2 (4)の市場の状況の類似性については、取引段階(小売り又は卸売り、一次問屋又は二次問屋等の別をいう。)、取引規模、取引時期、政府の政策(法令、行政処分、行政指導その他の行政上の行為による価格に対する規制、金利に対する規制、使用料等の支払に対する規制、補助金の交付、ダンピングを防止するための課税、外国為替の管理等の政策をいう。)の影響等も考慮して判断する。
3 (5)の売手又は買手の事業戦略の類似性については、売手又は買手の市場への参入時期等も考慮して判断する。

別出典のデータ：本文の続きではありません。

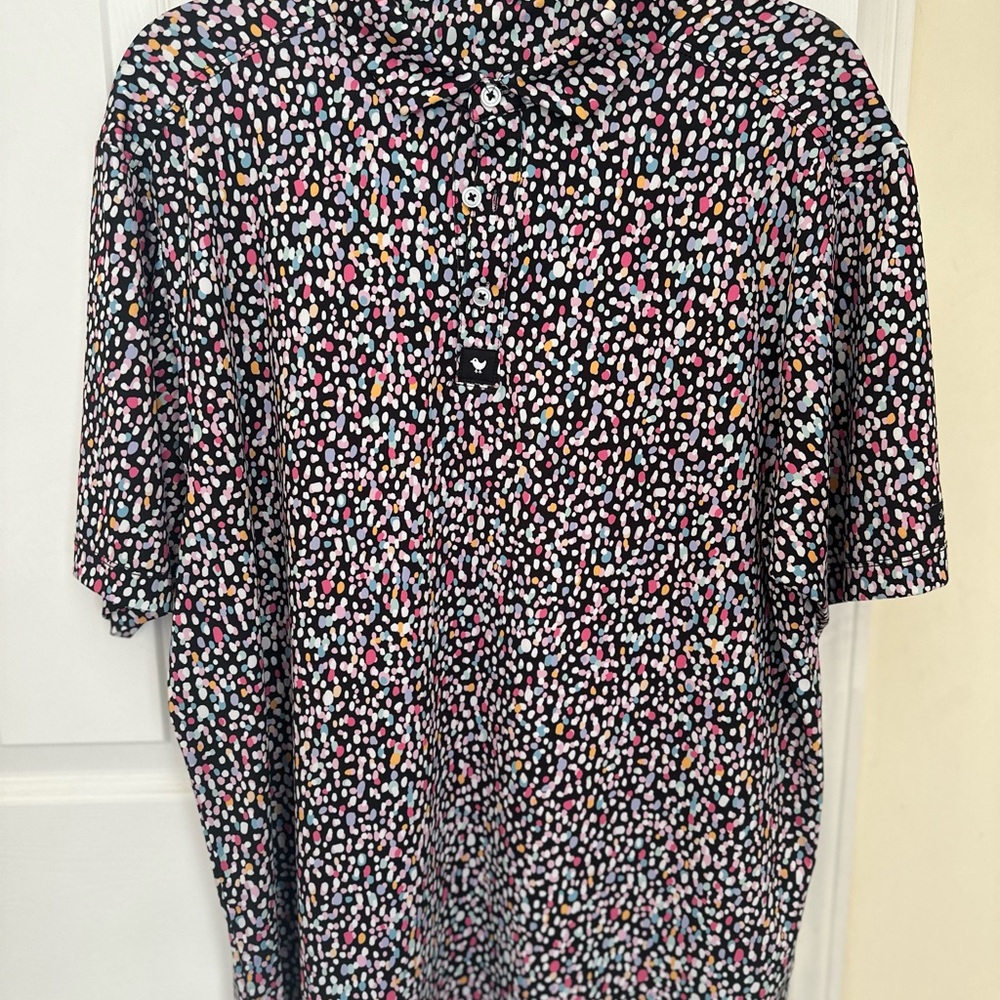 Bad Birdie Men’s Golf Polo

また、比較する製品等について、差異がある場合には、当該差異が価格に及ぼす影響を調整し、同条件での価格を算定することを求めています。 寄附金規定における時価の考えでは、そこまで詳細な規定は定められていませんが、第三者間で成立した価格という面で、この独立価格比準法で定める価額が最も近い概念であると考えられます。